*TASK TO COMPLETE*
Return each line of the data below exactly, omitting any pictures.

*THE DATA*
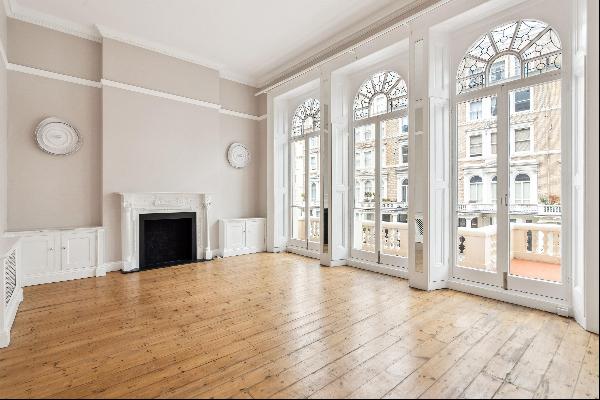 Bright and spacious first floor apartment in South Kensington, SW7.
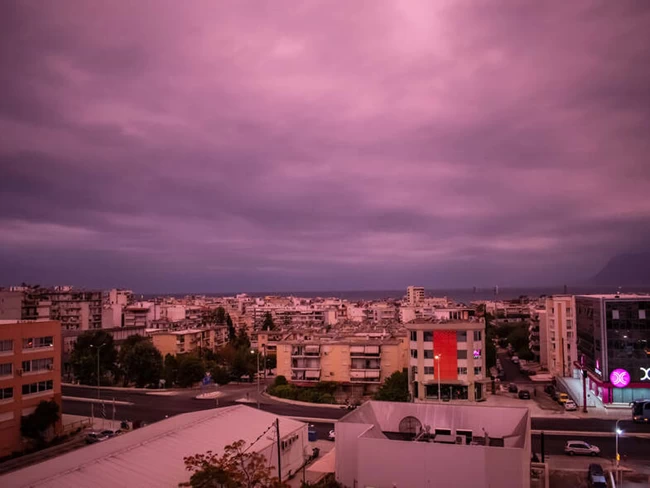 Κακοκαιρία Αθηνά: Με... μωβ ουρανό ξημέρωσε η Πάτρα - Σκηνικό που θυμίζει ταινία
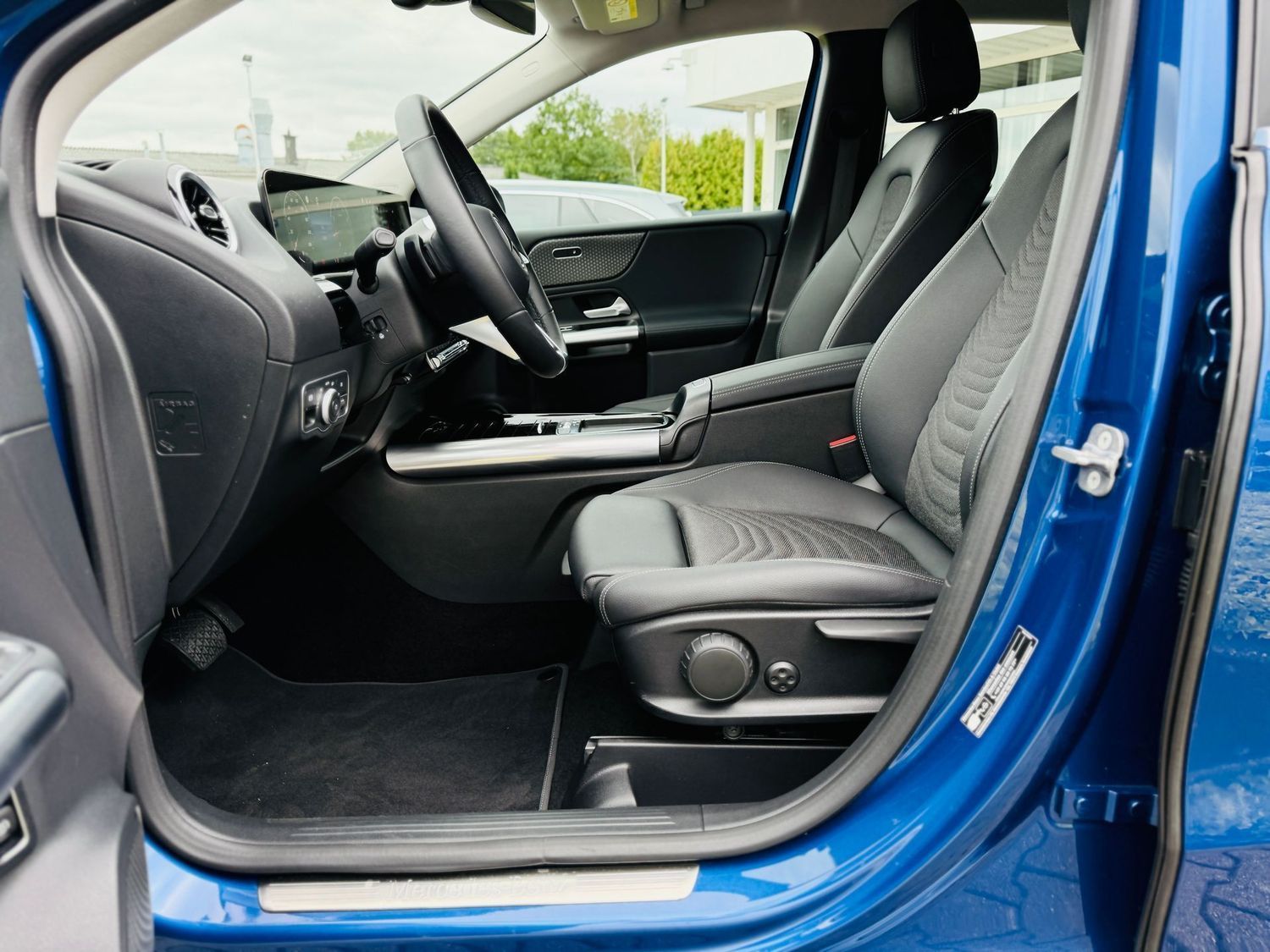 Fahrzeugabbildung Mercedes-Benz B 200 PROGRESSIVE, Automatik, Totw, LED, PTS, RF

*OUTPUT BELOW*
 Bright and spacious first floor apartment in South Kensington, SW7.
 Κακοκαιρία Αθηνά: Με... μωβ ουρανό ξημέρωσε η Πάτρα - Σκηνικό που θυμίζει ταινία
 Fahrzeugabbildung Mercedes-Benz B 200 PROGRESSIVE, Automatik, Totw, LED, PTS, RF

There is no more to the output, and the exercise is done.